SUPPLIED DATA –
- Opening Delimiter -
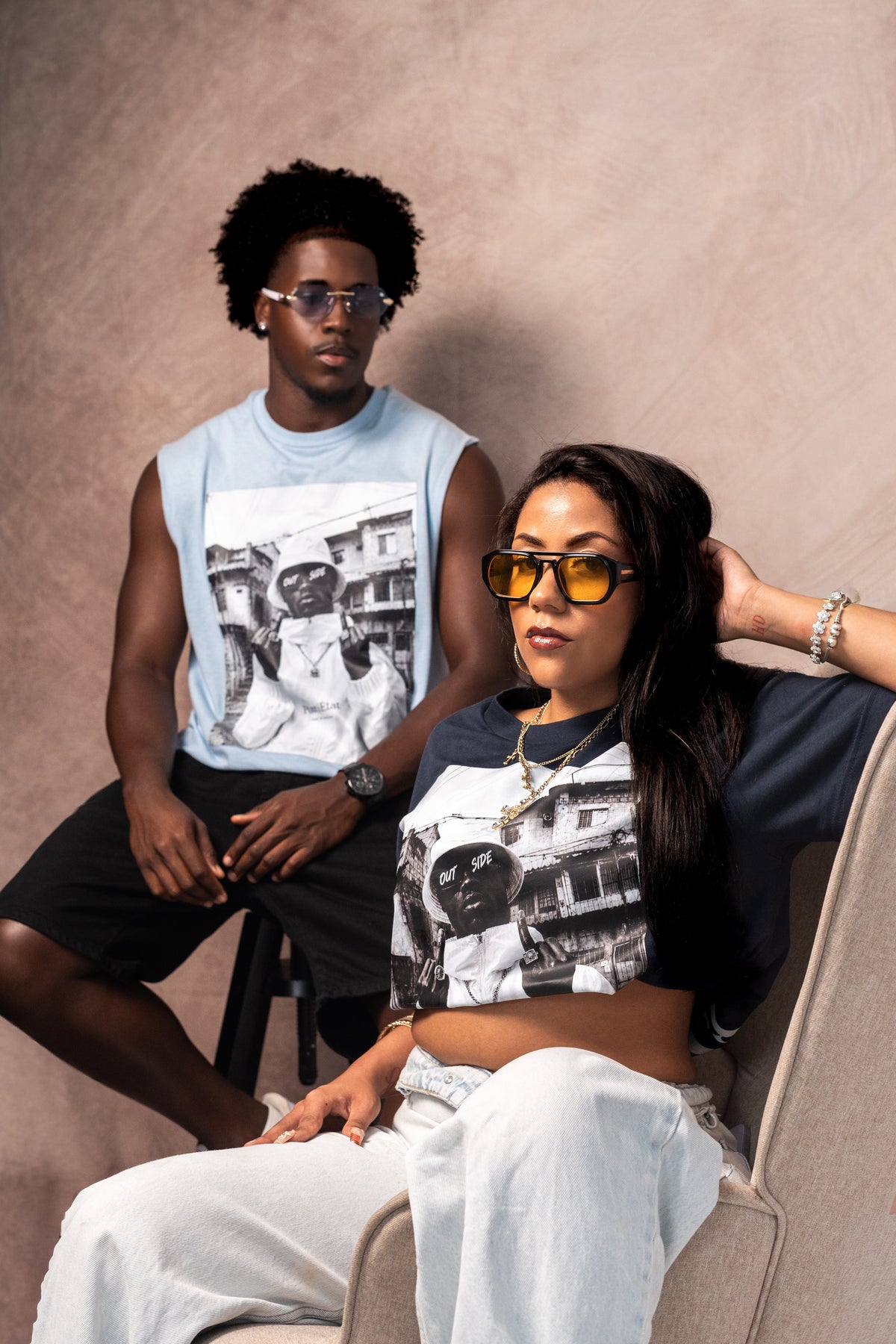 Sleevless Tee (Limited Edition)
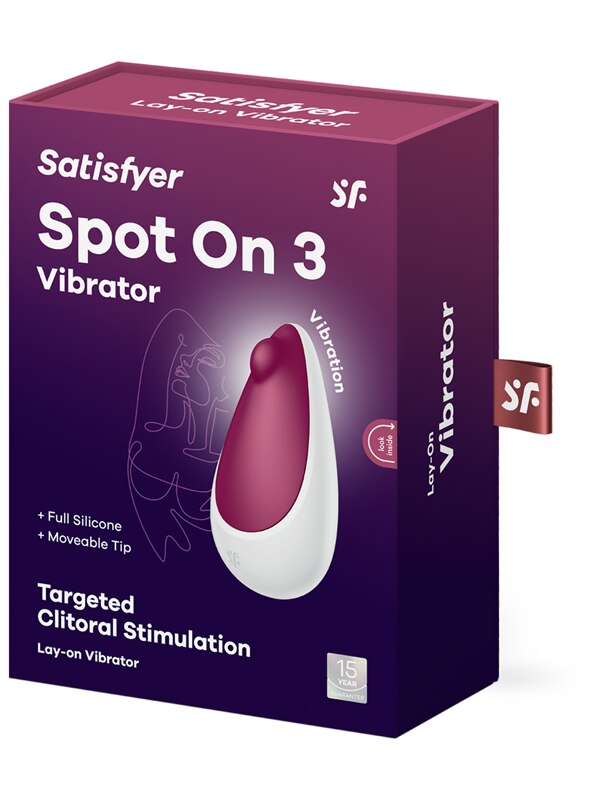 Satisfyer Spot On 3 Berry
- Closing Delimiter -
- Opening Delimiter -
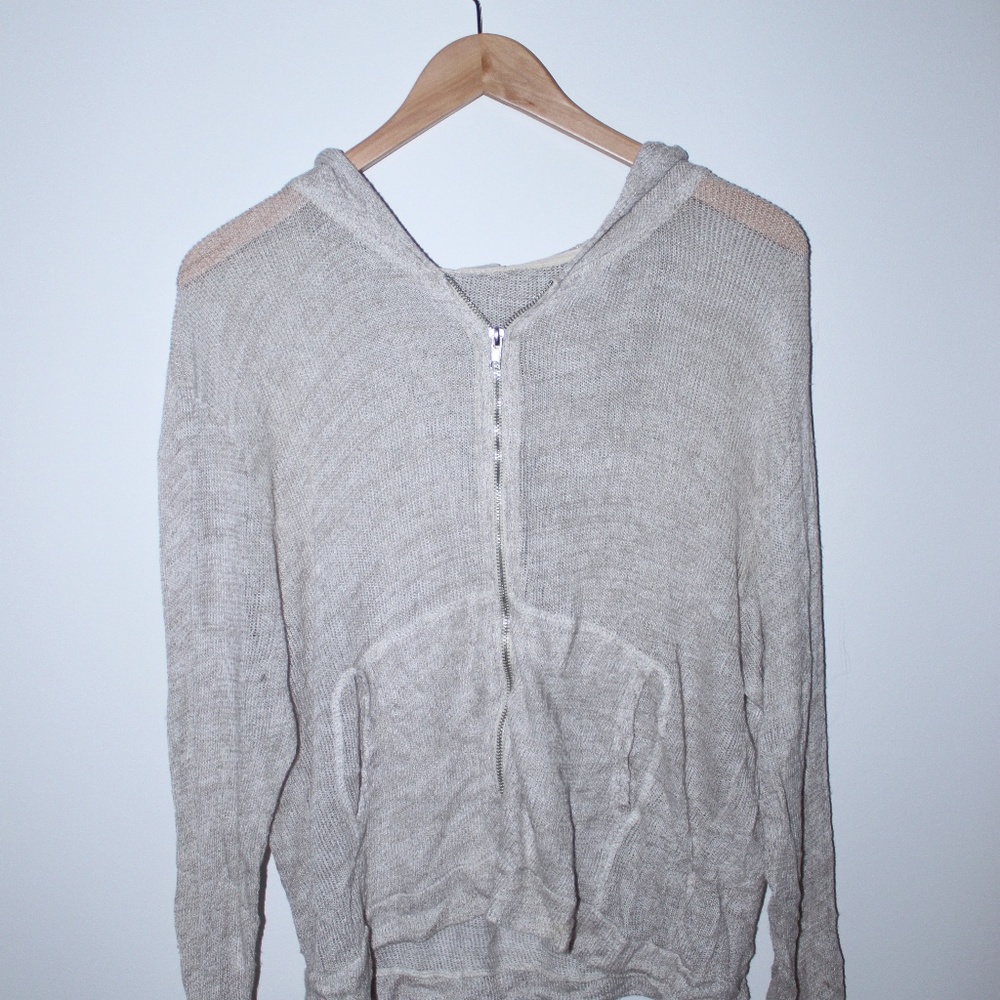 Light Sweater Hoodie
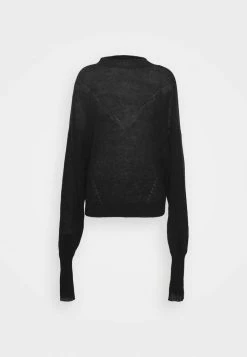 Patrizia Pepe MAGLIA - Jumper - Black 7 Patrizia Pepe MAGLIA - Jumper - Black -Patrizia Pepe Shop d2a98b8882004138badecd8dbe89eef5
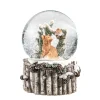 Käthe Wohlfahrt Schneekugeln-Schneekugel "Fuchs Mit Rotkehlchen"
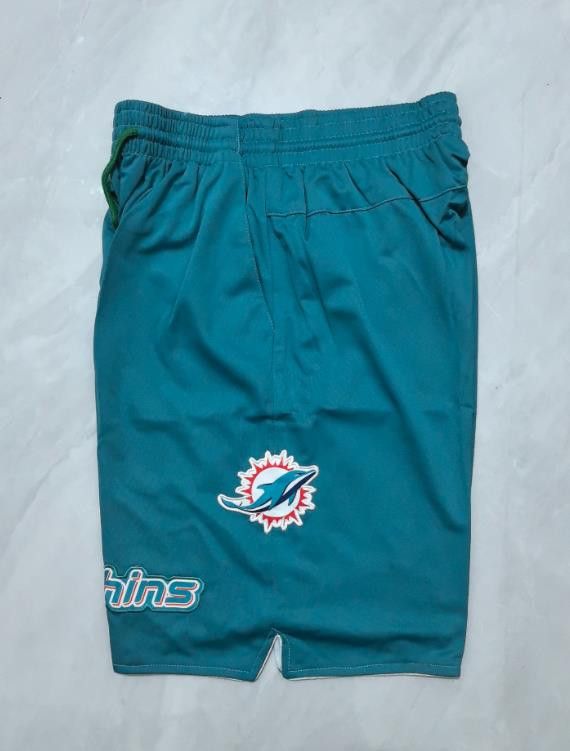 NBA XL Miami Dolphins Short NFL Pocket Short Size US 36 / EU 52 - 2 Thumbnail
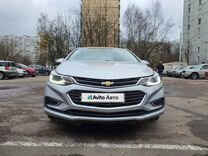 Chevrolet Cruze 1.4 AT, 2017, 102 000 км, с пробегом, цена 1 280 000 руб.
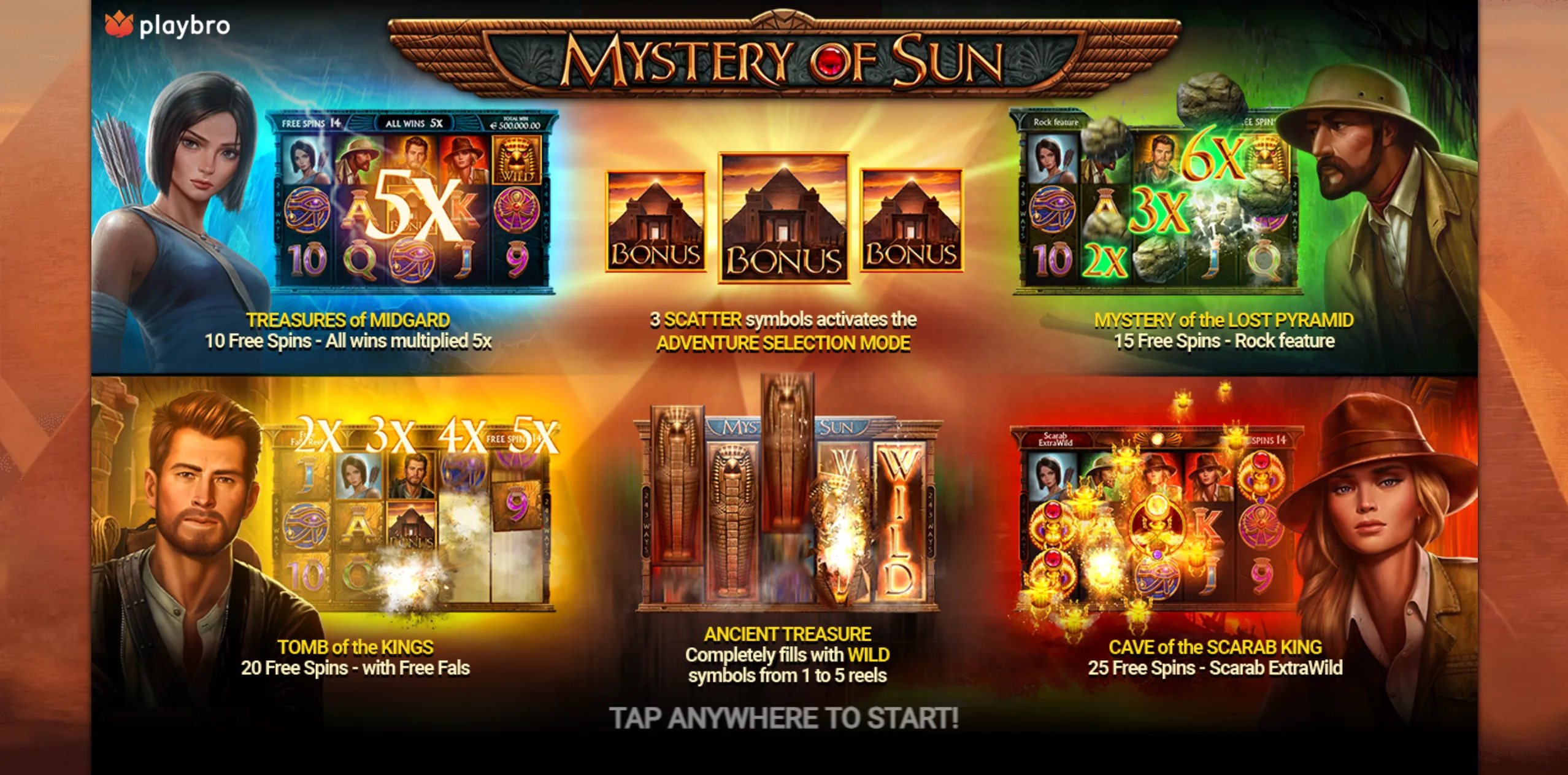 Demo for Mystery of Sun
- Closing Delimiter -
TASK PROMPT – Look above for the line with "NBA XL Miami", then print it and each line after it down to and including the line with "Demo for Mystery of Sun". Leave out the pictures and keep the wording exact.

COMPLETED EXERCISE –
 NBA XL Miami Dolphins Short NFL Pocket Short Size US 36 / EU 52 - 2 Thumbnail
 Chevrolet Cruze 1.4 AT, 2017, 102 000 км, с пробегом, цена 1 280 000 руб.
 Demo for Mystery of Sun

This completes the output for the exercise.